- [Data provided]:
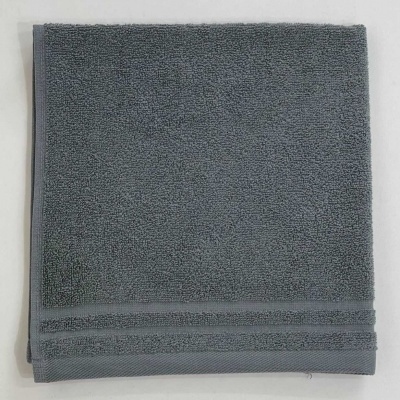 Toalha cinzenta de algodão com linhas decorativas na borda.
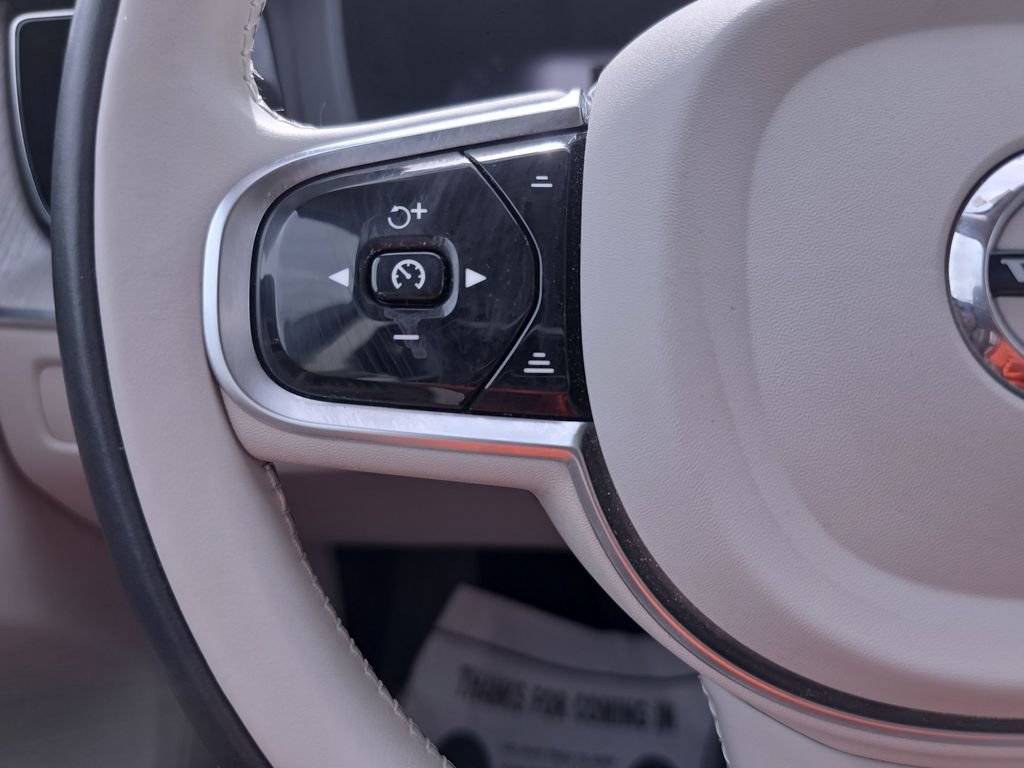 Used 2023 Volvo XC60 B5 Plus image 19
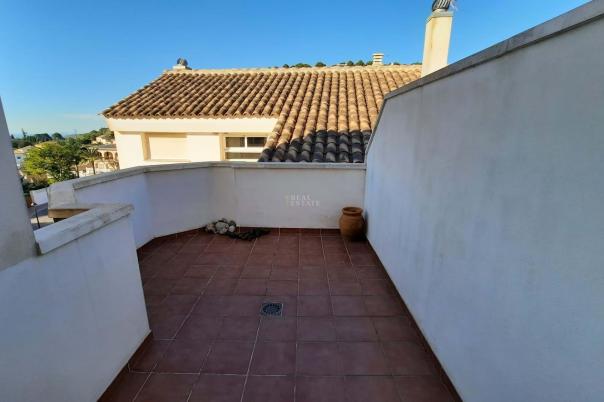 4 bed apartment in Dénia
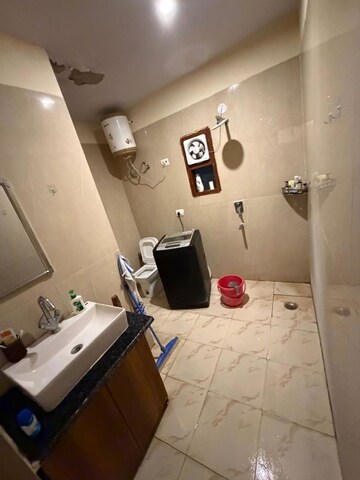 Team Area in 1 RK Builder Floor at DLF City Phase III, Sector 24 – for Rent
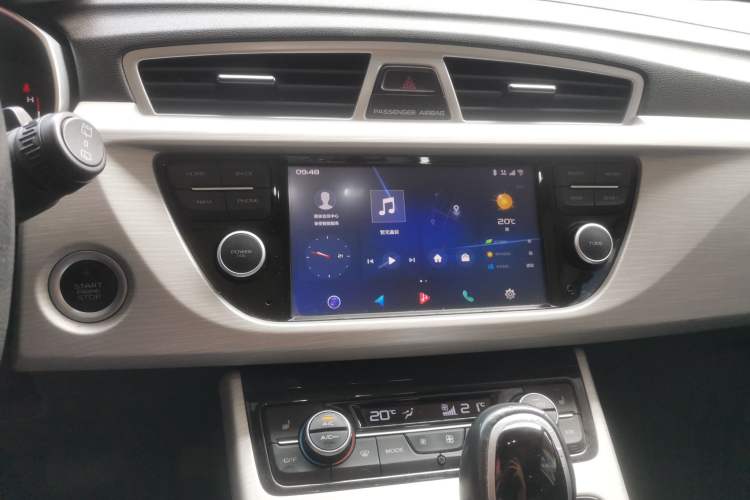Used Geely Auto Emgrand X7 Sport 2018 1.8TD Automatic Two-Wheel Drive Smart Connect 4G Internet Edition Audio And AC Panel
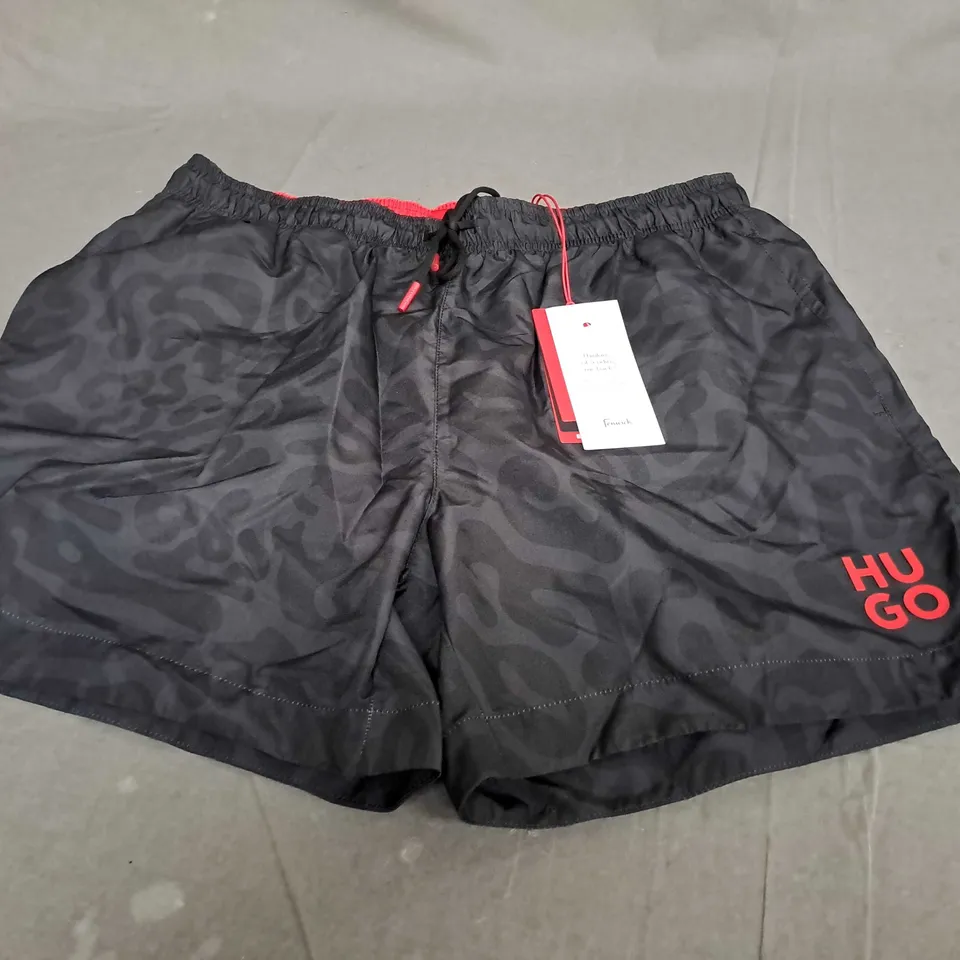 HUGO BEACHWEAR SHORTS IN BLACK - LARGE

- [Directions]: Could the entries above be retyped exactly, with the pictures left out?

- [Your response]:
 Toalha cinzenta de algodão com linhas decorativas na borda.
 Used 2023 Volvo XC60 B5 Plus image 19
 4 bed apartment in Dénia
 Team Area in 1 RK Builder Floor at DLF City Phase III, Sector 24 – for Rent
Used Geely Auto Emgrand X7 Sport 2018 1.8TD Automatic Two-Wheel Drive Smart Connect 4G Internet Edition Audio And AC Panel
 HUGO BEACHWEAR SHORTS IN BLACK - LARGE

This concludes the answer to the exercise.